Author(s): Tod Schimelpfenig
Posted: June 6, 2008

In Dr. Jerome Groopman’s “How Doctors Think” there is a tale of medical students from two different schools being told that two entirely different approaches to a problem are the gold standard.  As they started to practice medicine they realized that, in fact, there were several approaches to this problem.  Their education would have served them better, they observed, if it had prepared them for the uncertainty inherent in medicine, and encouraged them to keep an open mind. 

In both urban pre-hospital and wilderness medicine there are areas where experts argue best practices.  Femur traction splints, MAST pants, the value of IV’s, lights and sirens and air transport are only a few of the urban practices that are taken for granted, yet are controversial.  On the wilderness side we also debate traction splints, and tourniquets, pressure immobilization bandages for Elapid snakebite, whether we should “clear a spine”, reduce a dislocation, or straighten a fracture. 

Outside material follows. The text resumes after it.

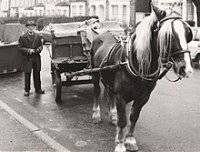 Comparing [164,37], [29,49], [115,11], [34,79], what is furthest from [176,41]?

This can cause uncertainty in the WFR, well-trained but with limited experience, who is challenged by someone with a different approach to a problem.  Do I really know my stuff?  Might I harm the patient?  As well, the WFR may be making a medical decision in the context of all the variables inherent in wilderness leadership: terrain, weather, unknown evacuation support, unreliable communication and their responsibilities to the rest of their expedition members. 

One of the aspirations of NOLS Founder Paul Petzoldt was to develop leaders with judgment; the ability to reason in the midst of uncertainty.

We all know people who are dogmatic preachers – confident and passionate that their technique or knowledge is the final word.   Yet, you know the saying, “If you step in dogma, your shoes stink.”

There can be many ways to solve a problem, many of them workable, none of them perfect.  Without flexibility and breath of understanding our judgment may be limited.  Teaching one way to manage a problem might be educationally sound for a beginner, but it could leave the wilderness leader, on their own and reasoning in uncertaintly, with limited options.

To be an effective WFR you need to know how to manage a problem and make a decision based on treatment principles, which you can adapt to the situation at hand.  Novices need cookbooks, with treatment principles that are sound recipes.  It’s our job, both in wilderness medicine and wilderness education, to show students recipes that work, and to help them be a thinking cook.